Planning for the long term is a game for losers.
In a world where we have difficulty planning what will happen next month, locking yourself into a long term plan, which allocates resources, and makes binding decisions about the required capabilities, and how to build and deploy them, is crazy.
By contrast, long term thinking, retaining your perspective for the longer term, but being able to be agile in the shorter term, makes way more sense.
The makeup of the top 100 companies has changed dramatically in the past 10 years, and is unrecognisable from the top 100 of 1990. This should give us a clue.
Corporations of the 20th century grew by building scale, marketing, operational, geographic and financial. In the quest for scale they also built silos, bureaucracies, and cultures of personal safety, risk aversity, and dependence on what worked in the past to continue to work into the future.
Successful corporations now must be much more agile and responsive to change, even when they are huge. The necessary process of devolving both authority and responsibility down the tree to where the interaction with operations really happens, makes them look more like a collection of smaller businesses than a corporate monolith.
The new model works. Perhaps the greatest example of this management about-face, while not of a commercial corporation, is the change in the US military retold in Stanley McCrystal’s great book Team of Teams .

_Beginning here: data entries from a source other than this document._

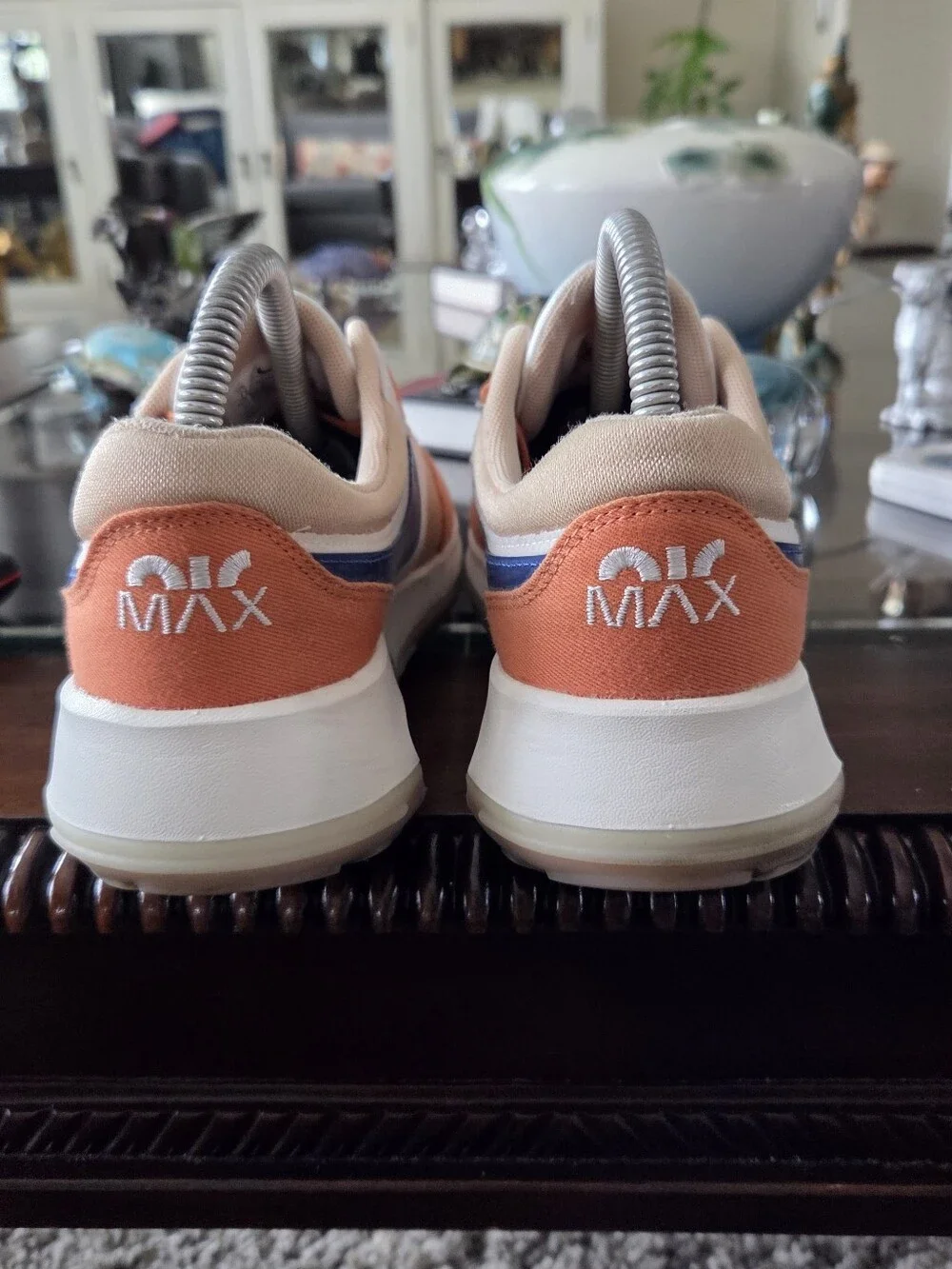 Nike Air Max Motif Orange and Blue Womans  Athletic Sneakers Size 7Y Or Womans 8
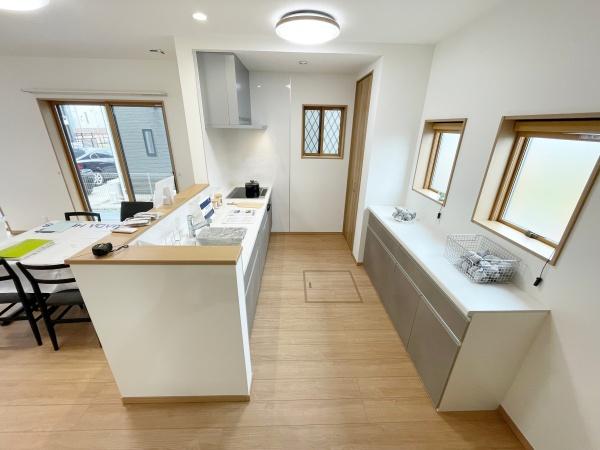 八街市八街ほの中古一戸建て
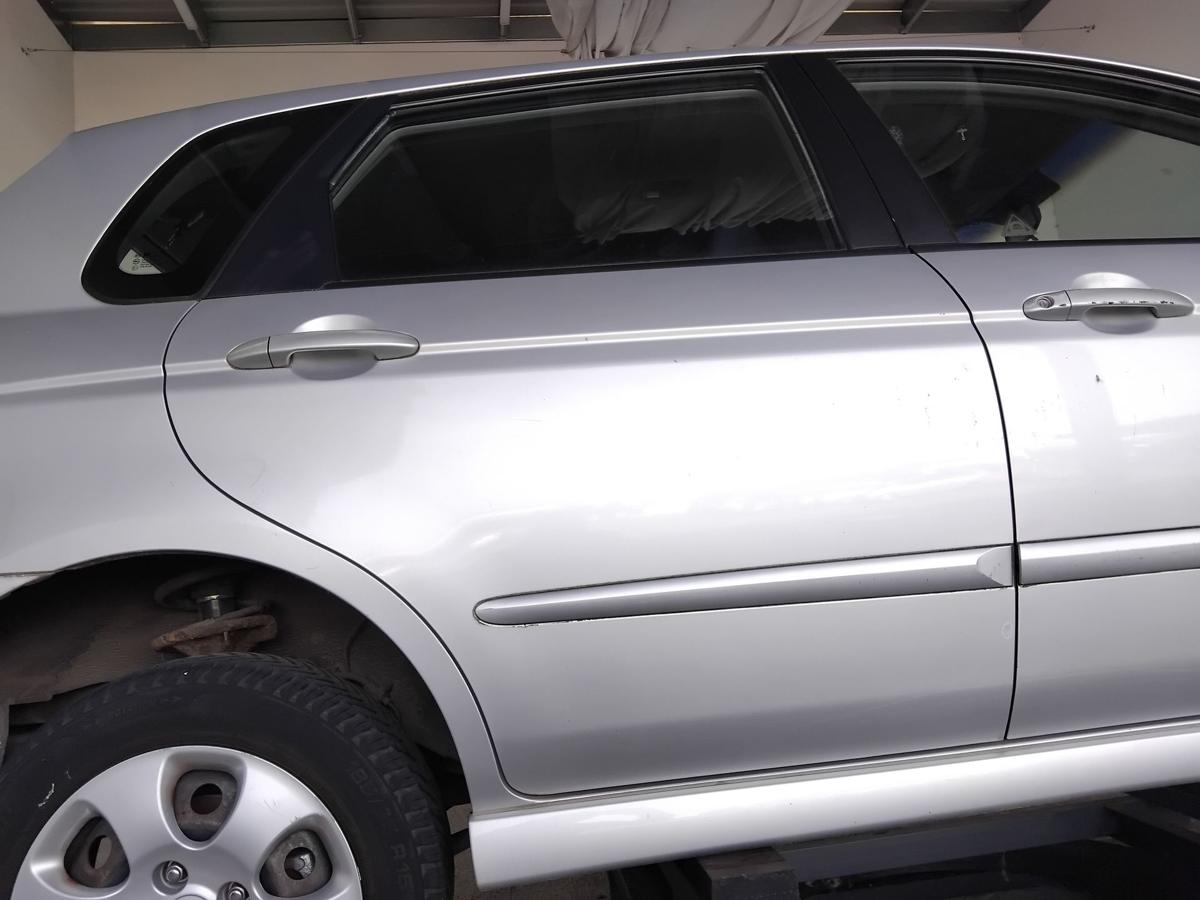 Kia Cerato FE T&uuml;r hinten rechts 6C clear silver 5-t&uuml;rig Steilheck BJ2008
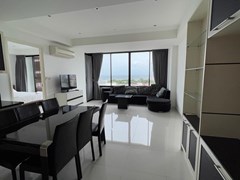 Condo for rent Pattaya Pratumnak showing the open plan living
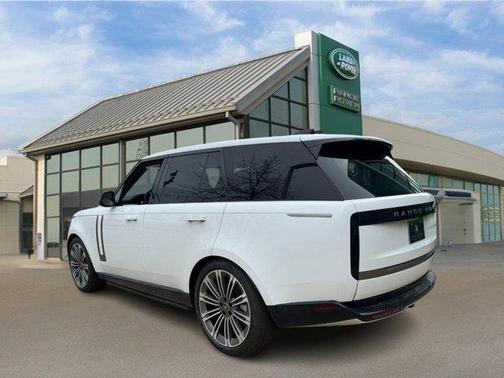 2025 Land Rover Range Rover P400 SE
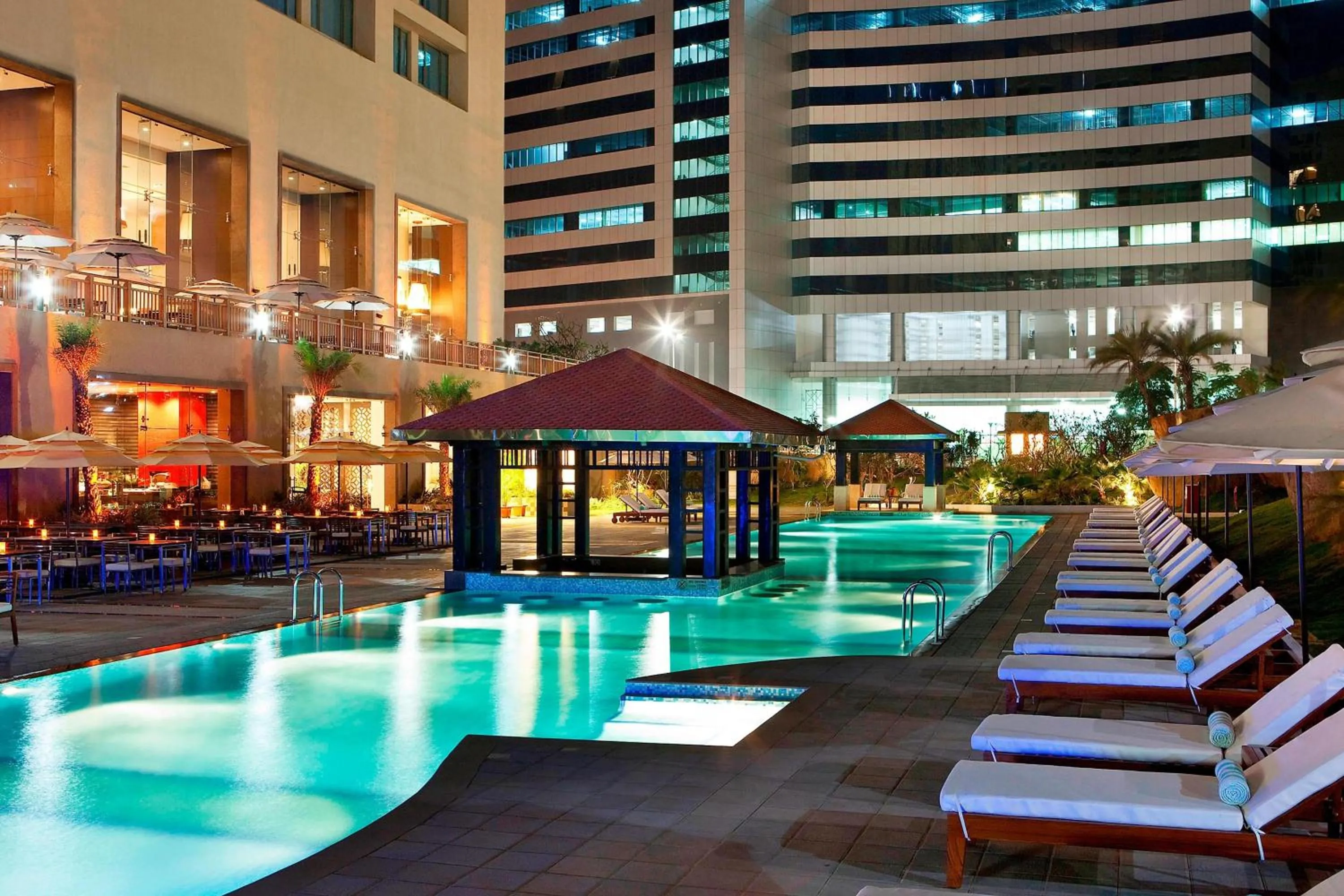 Swimming pool in The Westin Hyderabad Mindspace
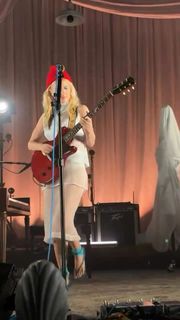 Hayley Williams feet photo 16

It is unstated, but the current political argument in Australia about the tax cuts legislation is an example of the failure of long term thinking. It substitutes a flimsy long term plan for intelligent long term thinking. Even worse, it is long term planning with an objective that is political, rather than economic or responsible. It is a wedge job on the opposition, and is a great example of why we do not trust politicians, and politics. We know such a long term plan, legislating for something as fundamentally important as a tax framework is nonsense. However, we accept the value of long term thinking, recognising the need to consider the manner in which tax rates make us competitive with other economies, at the same time as raising the revenue to deliver the community outcomes we all demand.